About this exercise:
Starting with the opening line of the entries below, transcribe each line exactly up to and including the one that has "スコッティキャメロンNewport Tel3 初代トレリウム カッパーモデル超美"; pictures are not copied.

(Scraped caption text data)
.....

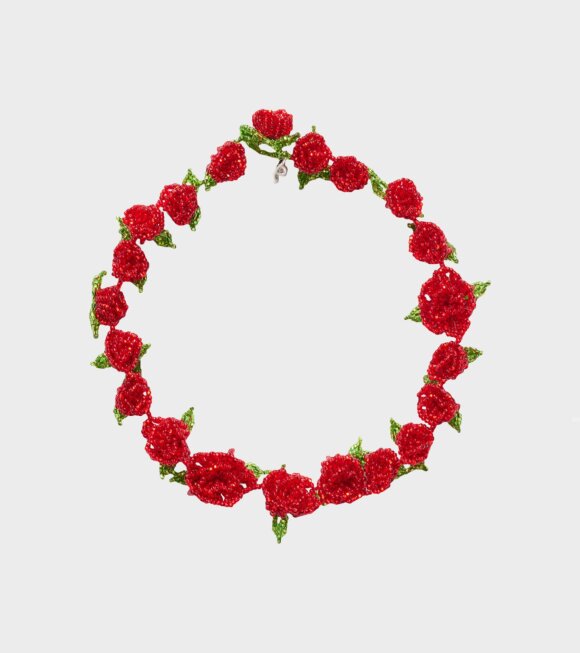 Pura Utz - Rose Galore Necklace 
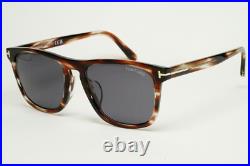 Tom Ford Sunglasses Gerard-02 Square Brown Tortoise Grey FT0930-F TF 930-F 56A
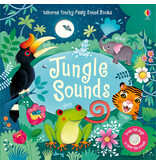 Usborne Jungle Sounds Board Book 3y+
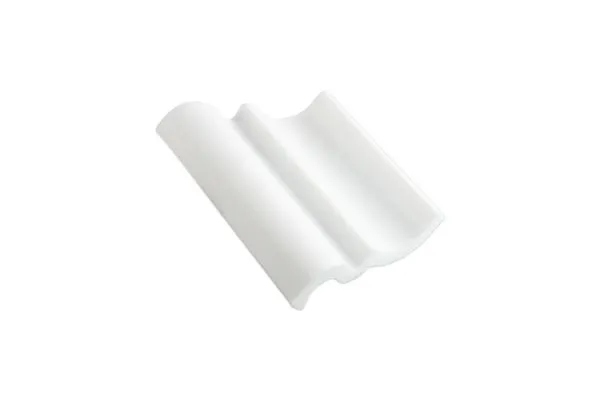 Roda Teto de Poliestireno Epex F80 24cm Pacote com 2 Unidades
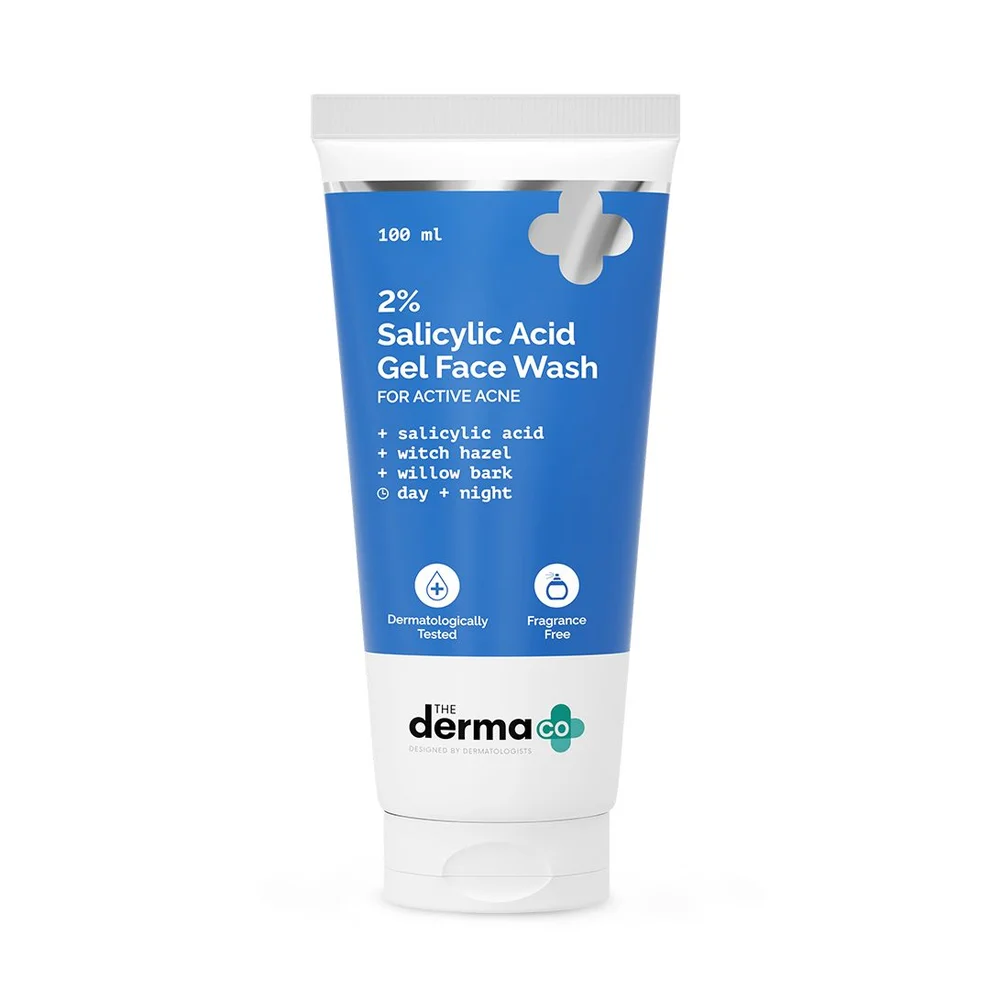 The-Derma-co-2-Salicylic-Acid-Gel-Face-Wash-100ml1.webp The Derma co 2% Salicylic Acid Gel Face Wash 100ml - Image 1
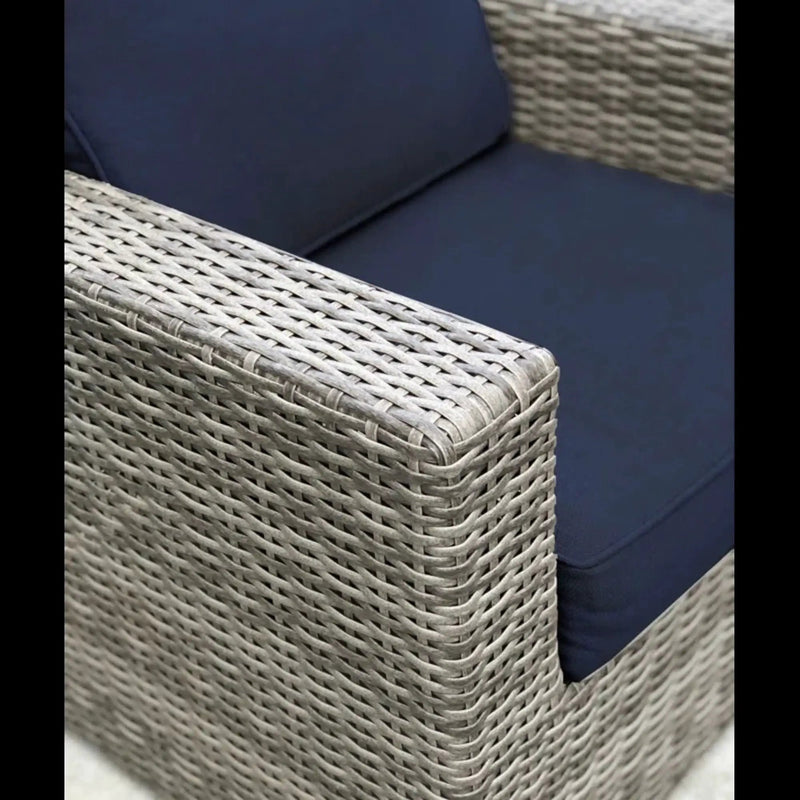 Patio Chair With Cushions Stylish Design by Unique Piece Furniture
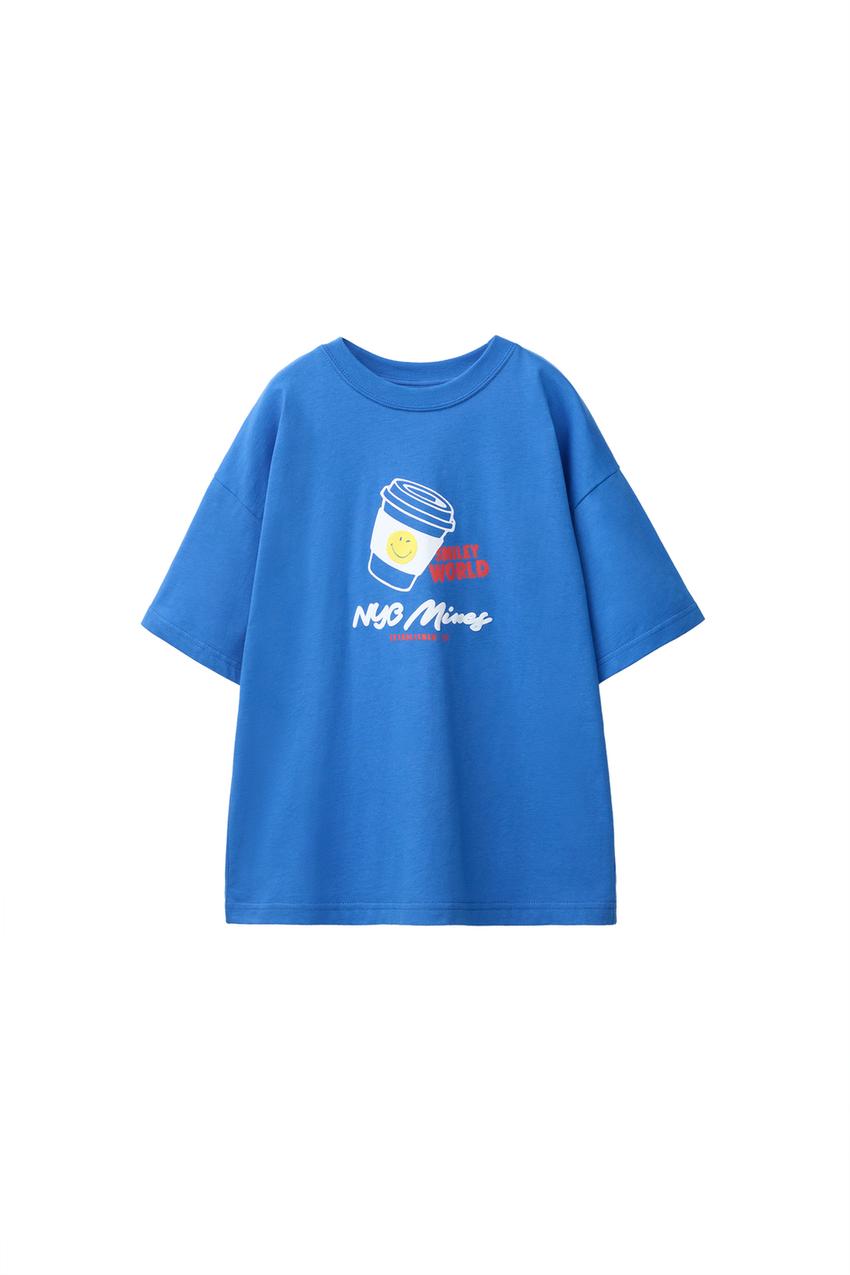 ZARA SMILEYWORLD® T-SHIRT — photo 3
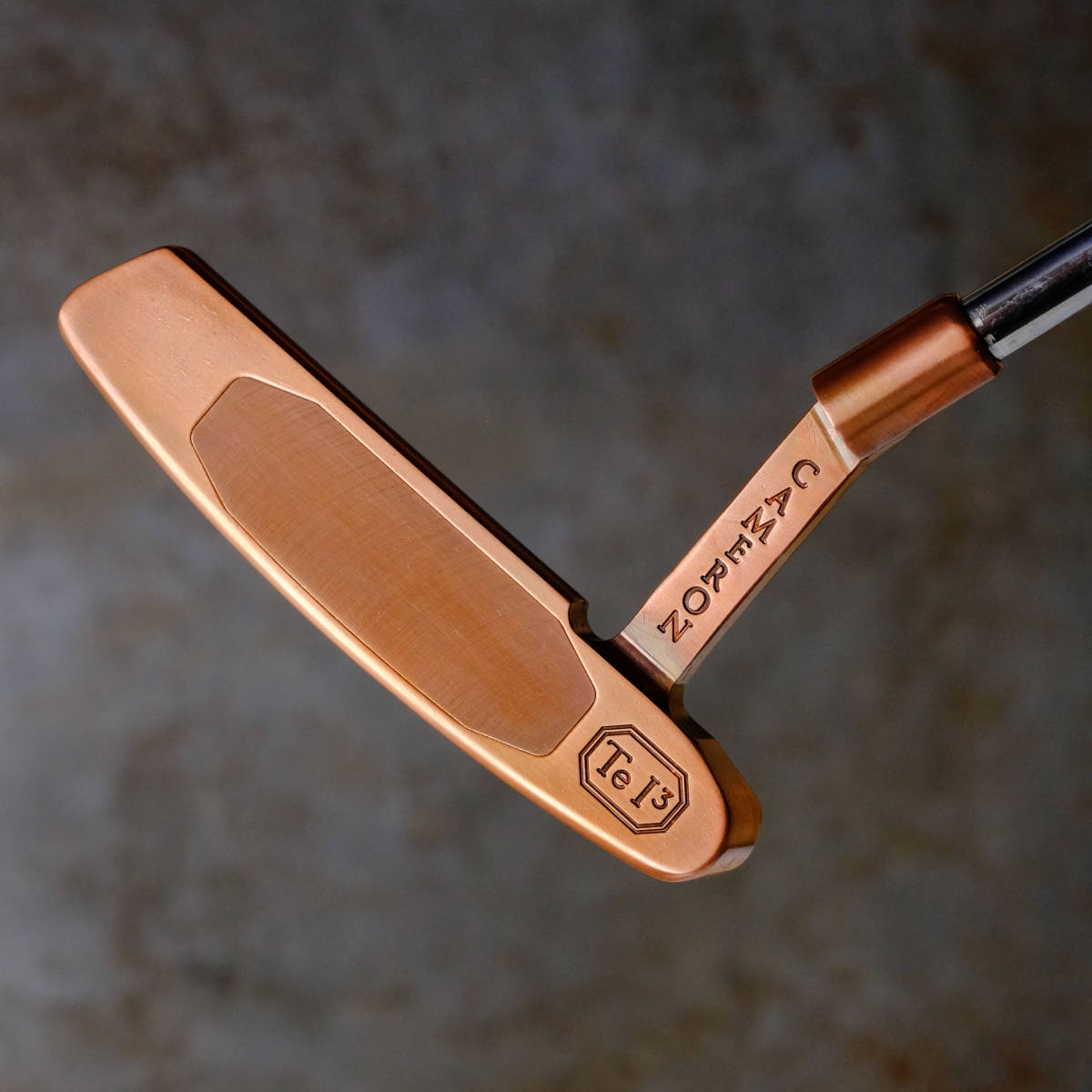 スコッティキャメロンNewport Tel3 初代トレリウム カッパーモデル超美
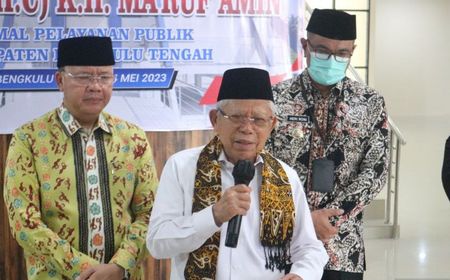 Wapres Ma'ruf Imbau Ketum Parpol Tak Abaikan Tugas Sebagai Menteri di Kabinet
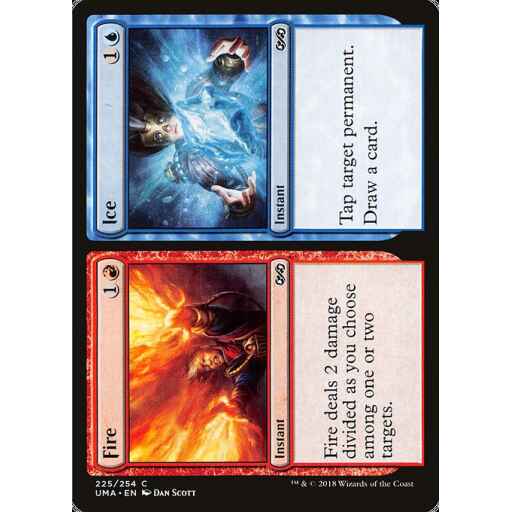 Ultimate Masters - 225 - Fire // Ice - Common - UR - Non-foil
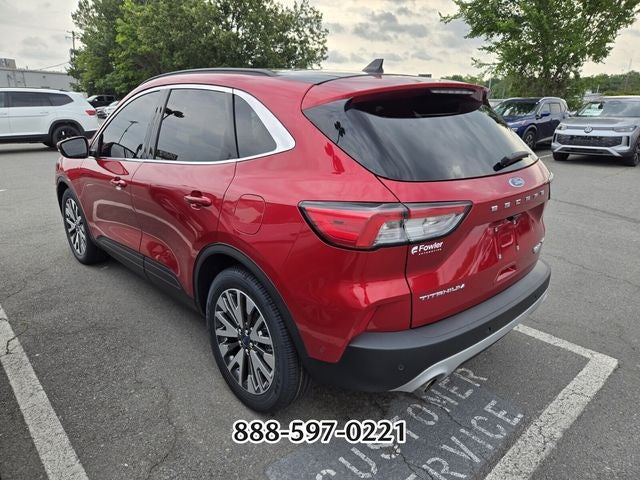 2020 Ford Escape Hybrid Titanium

.....

Your solution:
 Pura Utz - Rose Galore Necklace 
 Tom Ford Sunglasses Gerard-02 Square Brown Tortoise Grey FT0930-F TF 930-F 56A
 Usborne Jungle Sounds Board Book 3y+
 Roda Teto de Poliestireno Epex F80 24cm Pacote com 2 Unidades
 The-Derma-co-2-Salicylic-Acid-Gel-Face-Wash-100ml1.webp The Derma co 2% Salicylic Acid Gel Face Wash 100ml - Image 1
 Patio Chair With Cushions Stylish Design by Unique Piece Furniture
 ZARA SMILEYWORLD® T-SHIRT — photo 3
 スコッティキャメロンNewport Tel3 初代トレリウム カッパーモデル超美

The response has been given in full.